Goal of the exercise
Please give the whole listing again word for word, and drop any pictures it holds.

Available data
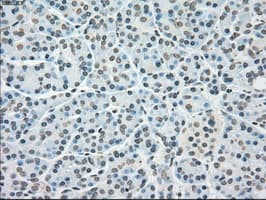 PLK1 / PLK-1 Antibody (clone OTI6C6)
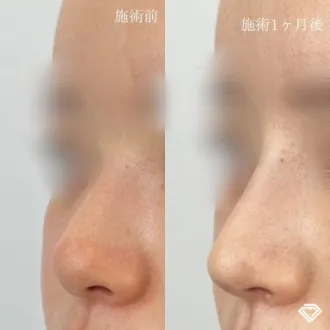 症例写真 TCBメッシュ 画像03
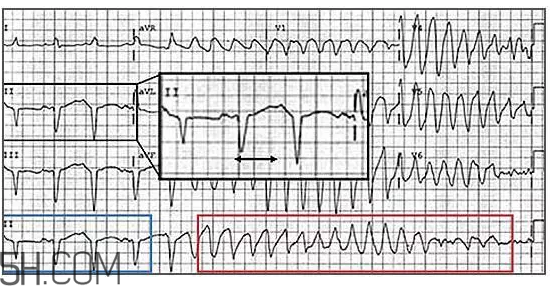心電圖怎么看？6種常見心電圖異常情況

Solution to this problem
 PLK1 / PLK-1 Antibody (clone OTI6C6)
 症例写真 TCBメッシュ 画像03
心電圖怎么看？6種常見心電圖異常情況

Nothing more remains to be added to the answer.